EXERCISE GOAL -
Return all the data exactly, keeping the pictures out.

SUPPLIED DATA -

• • • • • • •

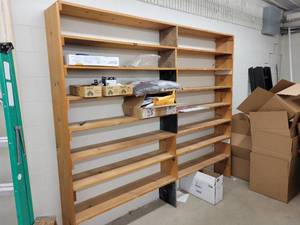lot 93 image: Solid Wood Shelving Unit - Approx. 98 Wide x 84 Tall x 11.5 Deep - Contents NOT Included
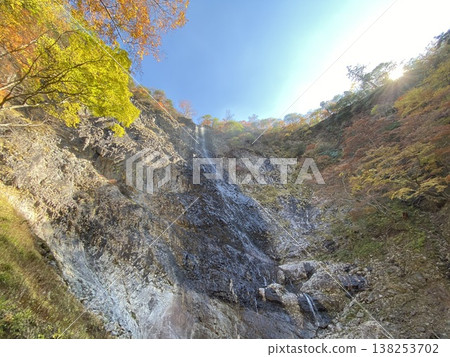 A secluded waterfall ablaze with autumn colors. A secluded waterfall ablaze with autumn colors. 138253702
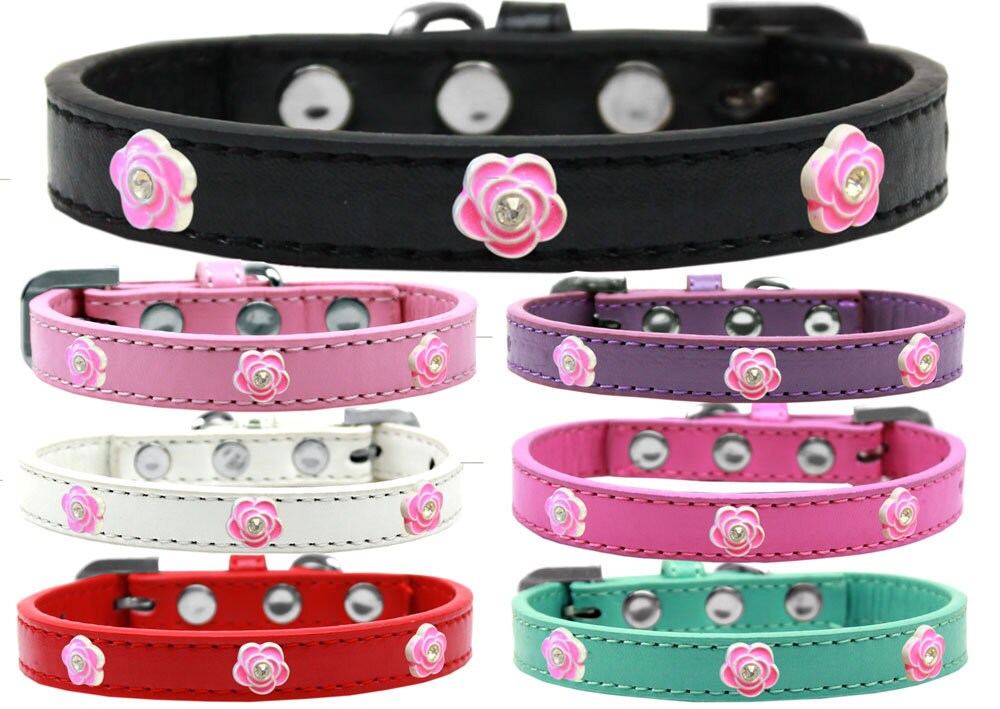 Dog, Puppy & Pet Widget Fashion  Collar, "Bright Pink Roses"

• • • • • • •

TASK RESPONSE -
lot 93 image: Solid Wood Shelving Unit - Approx. 98 Wide x 84 Tall x 11.5 Deep - Contents NOT Included
 A secluded waterfall ablaze with autumn colors. A secluded waterfall ablaze with autumn colors. 138253702
 Dog, Puppy & Pet Widget Fashion  Collar, "Bright Pink Roses"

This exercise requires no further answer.